Kavanaugh, who has defended gun rights, relies on history and tradition for analyzing gun control measures under the Second Amendment.
But Kavanaugh’s analysis is outside the mainstream approach now being used by federal circuit courts, UCLA Constitutional Law Professor Adam Winkler told Bloomberg Law. Winkler wrote the book “Gunfight: The Battle Over the Right to Bear Arms in America.”
Gun rights practitioner James B. Astrachan, of Astrachan Gunst Thomas PC, Baltimore, agreed, and said that most courts today apply an intermediate scrutiny analysis in Second Amendment cases.
Hostility to Novel Laws
On the Supreme Court, Kavanaugh’s likely to be hostile to novel and innovative solutions to gun violence, Winkler said. Kavanaugh’s dissent in Heller v. District of Columbia (Heller II) provides a roadmap of the view he may espouse on the court, he said.
Kavanaugh will probably press his test for analyzing gun regulations at the Supreme Court, but the other justices may not be willing to follow along, Astrachan told Bloomberg Law.
The other justices may instead choose a third option and apply strict scrutiny in Second Amendment cases, Astrachan said. To pass that analysis, the regulation will need to be narrowly tailored to the government’s interests, he said.
Strict scrutiny is a stringent analysis that is traditionally used to determine if a fundamental right is being violated or a suspect classification, such as race, is being used to discriminate. Intermediate scrutiny, on the other hand, is most often used where sex-based classifications or speech rights are at issue.
Right to Bear Arms
In District of Columbia v. Heller (Heller I), the Supreme Court held that private citizens have a Second Amendment right to own guns for self-defense in their homes.

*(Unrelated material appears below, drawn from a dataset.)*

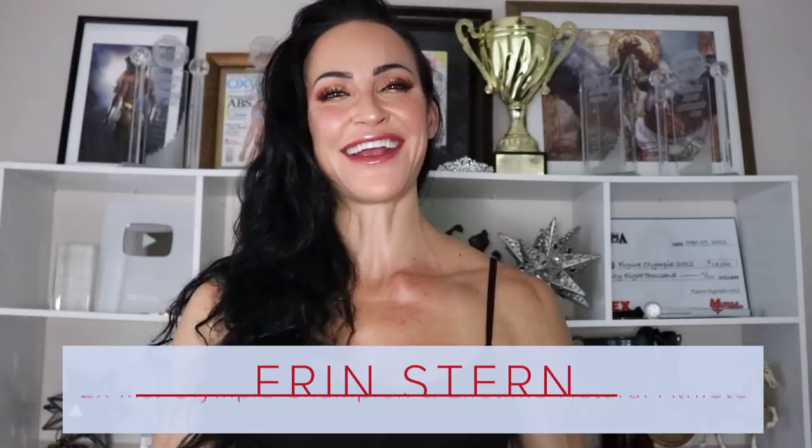Hey, it's Erin. It's been a while since we've done an arm workout, so I wanted to take you through some of my favorite exercises for building beautiful shapely arms.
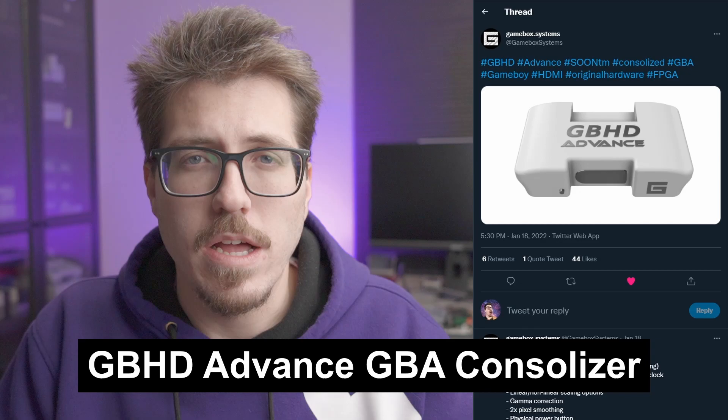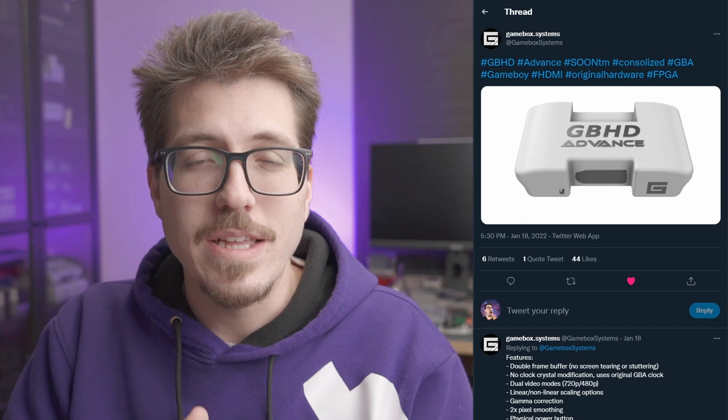Lastly, let's talk about another announcement from GameBox. They just announced the GBHD Advance, which is a Game Boy Advance consolizer. You're probably thinking: do we need a third consolizer for the Game Boy Advance? I say the more the merrier, and especially coming from GameBox — they tout that their HDMI core is really awesome. I'd like to get my hands on one and check compatibility with all my TVs, monitors, and capture cards. The case mock-up looks really awesome too; it's got some nice shape to it, not just a plain square or rectangle.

In Heller II, the U.S. Court of Appeals for the District of Columbia Circuit said Washington’s ban on semi-automatic rifles was permissible.
The Heller II majority applied an intermediate analysis where the regulation was required to be substantially related to an important government interest. The ban on semi-automatic rifles was constitutional because there is a substantial relationship between the ban and protecting police officers and preventing crime, it said.

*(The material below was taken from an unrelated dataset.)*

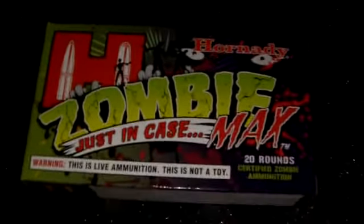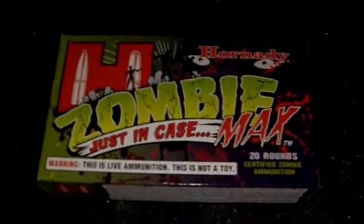You gotta get yourself some of this ammo right here for the zombie apocalypse — this is what's up right here. That's 7.62 by 39.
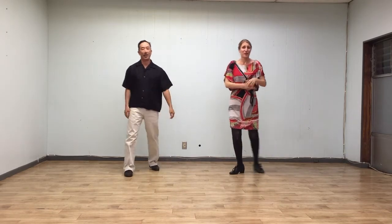Alright, that was our class summary for week two. So have fun practicing those steps everybody. So long everyone — see you on the dance floor.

Kavanaugh’s dissent argued that Heller I rejected applying intermediate scrutiny to Second Amendment cases. Instead, he read Heller I as holding that only gun regulations based on the text, history, and tradition of the Second Amendment are constitutional.
Kavanaugh’s rigid interpretation of Heller I rejects balancing the government’s interest in regulating guns, Winkler said. It also undermines gun control laws, such as the regulation of semi-automatic rifles, that aren’t longstanding, he said.

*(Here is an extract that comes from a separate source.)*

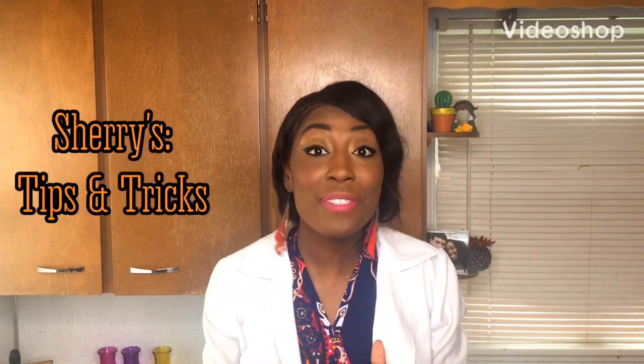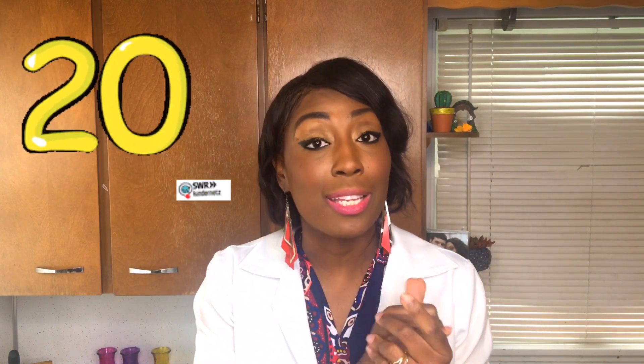Hi guys, welcome back to my channel. Today I'll be showing you how you can make your own hand sanitizers at home properly. I am in my lab coat because I'm in full pharmacist mode. It's important to know that the number one recommendation from the CDC and the WHO is to wash your hands for 20 seconds. However, in situations where you're not able to wash your hands, hand sanitizers are a good alternative.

Kavanaugh’s approach may be a minority view, but , he has been particularly effective at persuading the justices to see things his way through his dissents on the D.C. Circuit.
Future Cases
If Kavanaugh is confirmed, the court will be poised to take more Second Amendment cases, Astrachan said.
It takes four Supreme Court justices to agree to grant a particular case review, and Kavanaugh seems to be a sure fourth vote in gun cases, Winkler said. The court doesn’t publish who votes to grant review, but Winkler said Justices Clarence Thomas, Samuel A. Alito Jr., and Neil M. Gorsuch likely want to take more Second Amendment cases.
With this lineup, Chief Justice John G. Roberts Jr. may well be the deciding vote in gun cases, Winkler said. Roberts was in the majority in Heller I, he said.
The liberal justices may now regret not taking more gun cases while Kennedy was still on the court, Winkler said.